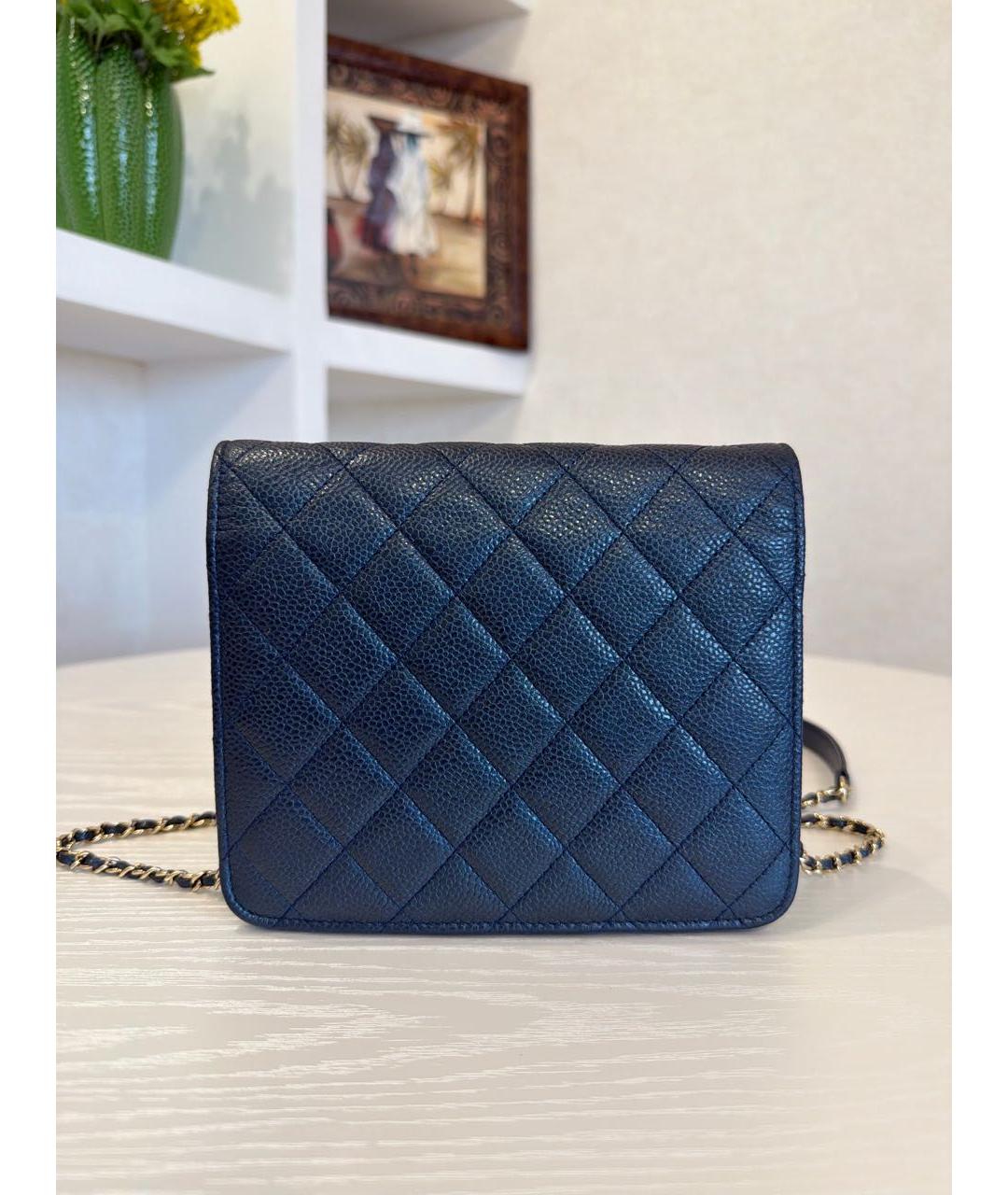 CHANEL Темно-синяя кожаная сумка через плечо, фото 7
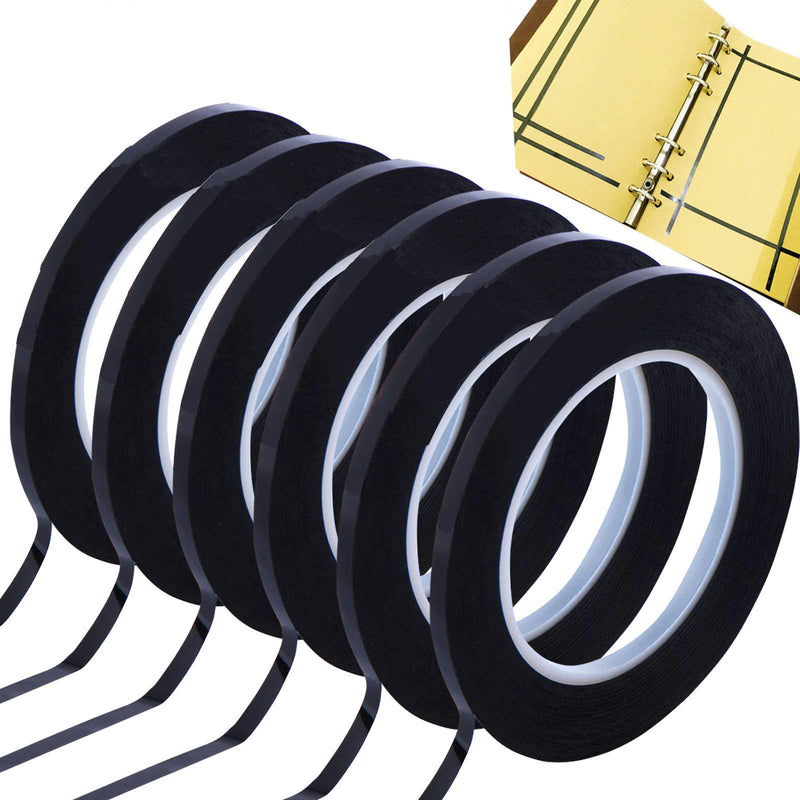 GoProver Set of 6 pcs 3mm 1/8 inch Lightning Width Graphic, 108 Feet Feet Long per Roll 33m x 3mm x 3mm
______
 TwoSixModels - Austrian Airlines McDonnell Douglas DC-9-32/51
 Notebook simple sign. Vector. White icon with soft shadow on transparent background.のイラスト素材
______
Copy out exactly the material that runs from the line with "CHANEL Темно-синяя кожаная" to the line with "GoProver Set of", ends included, and leave the pictures behind.

 CHANEL Темно-синяя кожаная сумка через плечо, фото 7
 GoProver Set of 6 pcs 3mm 1/8 inch Lightning Width Graphic, 108 Feet Feet Long per Roll 33m x 3mm x 3mm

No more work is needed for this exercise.